This year’s crop of CIO 100 honorees include small organizations along with giants. Here are tips for doing more with less from two of the smaller businesses.
Keep the budget lid on. Chase Pitkin Home Centers lives by this rule: “If you don’t know the business benefit, you had better not do it because technology is pretty darn expensive,” says T. Christopher Dorsey, CIO and controller at the retailer. Business volume has increased every year at Chase Pitkin’s 15 stores, while IT spending continues to decline. The company uses non-IT departments’ staff for basic IT needs such as “light” development work, certification and testing. For example, members of the accounting staff do some coding, testing and validation of new financial systems.
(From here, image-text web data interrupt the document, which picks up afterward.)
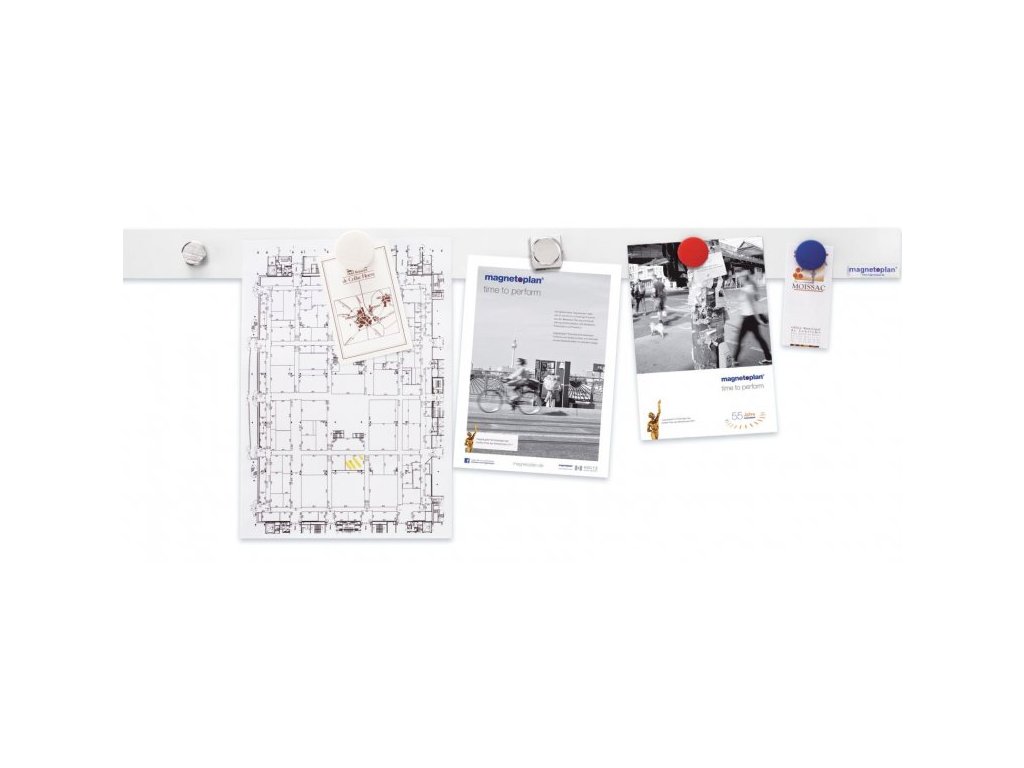 Magnetická lišta 1 m + 6 magnetů, bílá (Barva bílá)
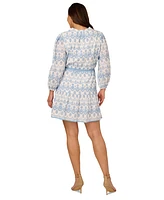 Adrianna Papell Plus Cotton Eyelet Belted Dress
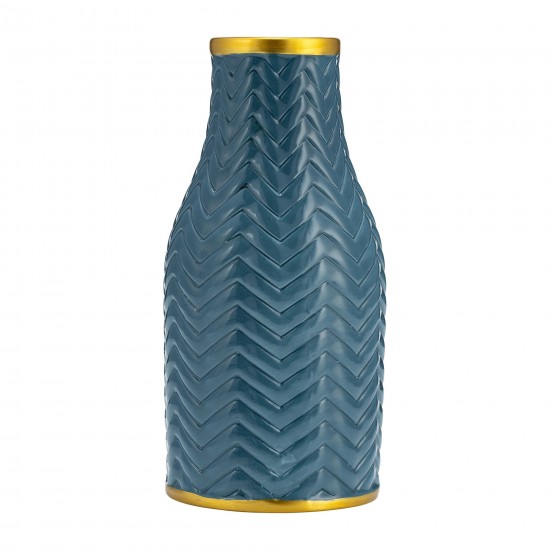 10" Chevron Vase, Teal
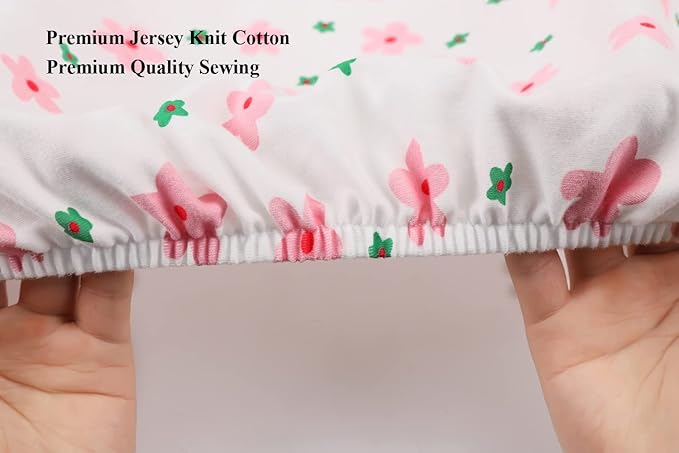 Bassinet Sheets Compatible with Halo Bassinest Swivel, Flex, Glide, Premiere & Luxe Series Sleeper Mattress, 2 Pack, 100% Jersey Knit Cotton 190GSM, Ultra Soft Breathable, Floral and Pink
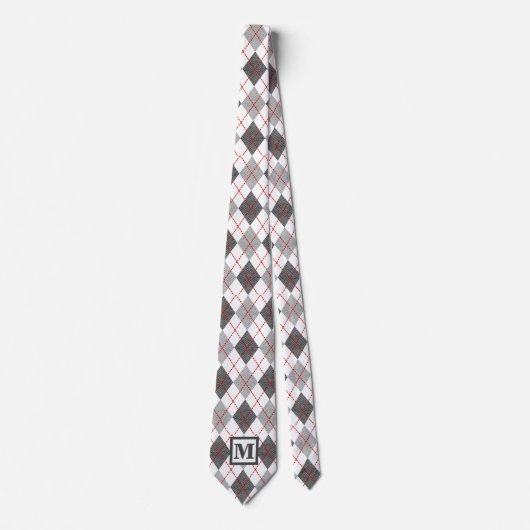 Argyle Karo Rot Grau Silber Individuelles Monogram Krawatte (Vorderseite)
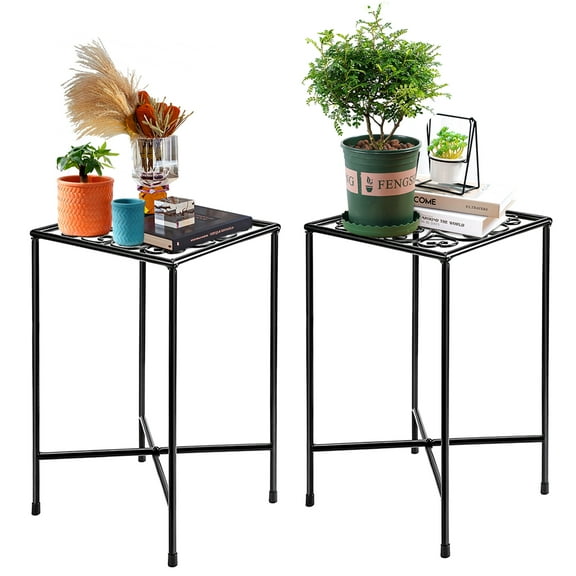 KABB 8" x 8" x 14" Black Metal Plant Stand ( 2 Count)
Chase Pitkin identifies the hard dollar savings of a project, evaluates the ROI and applies economic value-added analysis, which takes into account the cost of capital required to fund the project. Then, the company measures actual versus budgeted results on an ongoing basis.
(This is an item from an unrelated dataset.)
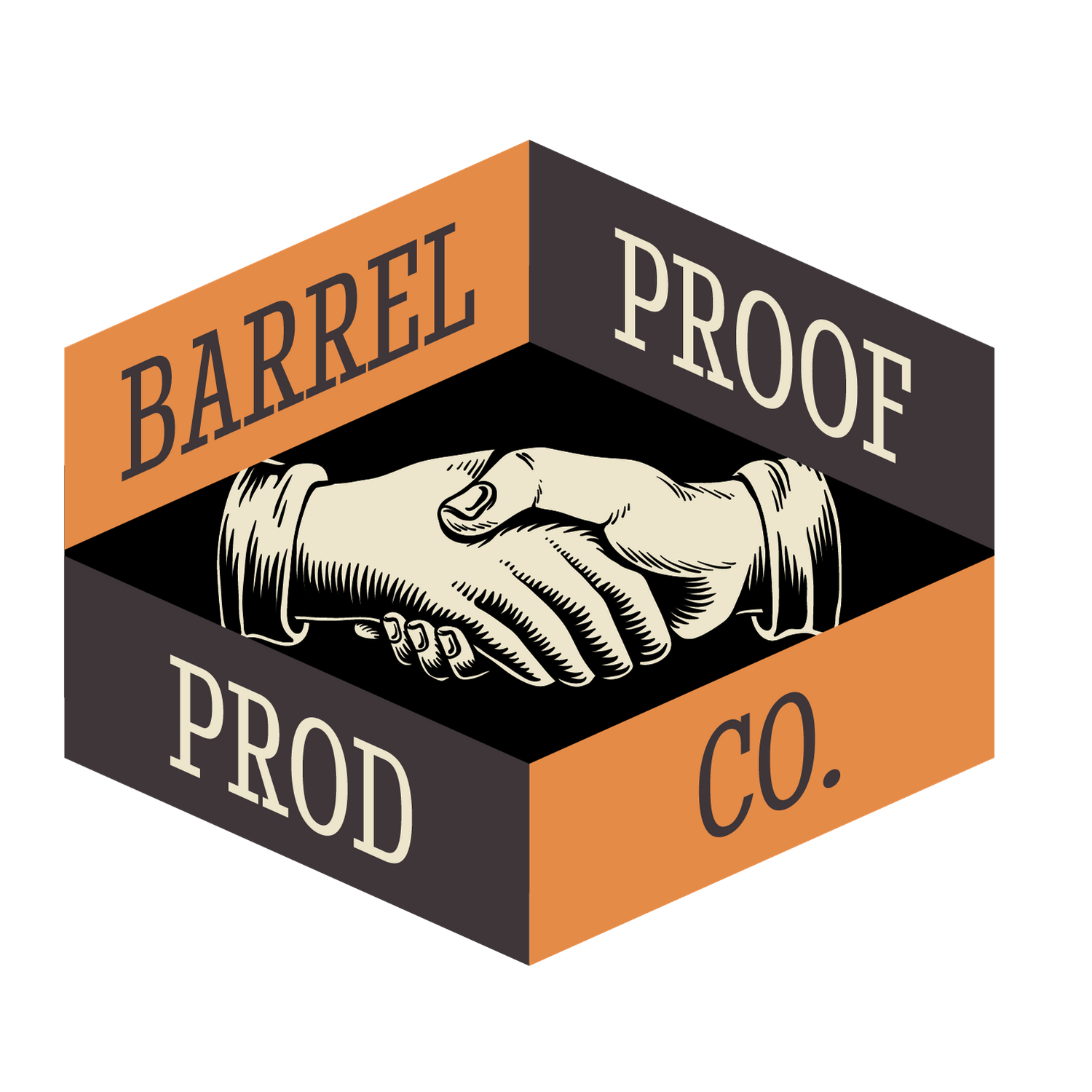 Black and orange logo design featuring handshake illustration for Barrel Proof Production Company.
Cross-train staff. Most doctors’ offices have a staff-to-physician ratio of 3-to-1. Seattle Eye M.D.s has cut this ratio in half. All of Seattle Eye M.D.s’ six support employees are trained to troubleshoot the software and hardware they use every day—including workstations, point-of-sale software and a SQL Server-based Electronic Practice Management software package. Networked office man- agement technology has eliminated the need for a dedicated billing specialist and a full-time physician assistant. These moves mean the company can operate two retail stores and a Web store with existing staff, says Darwin J. Liao, an opthamologist who serves as Seattle Eye M.D.s’ CIO.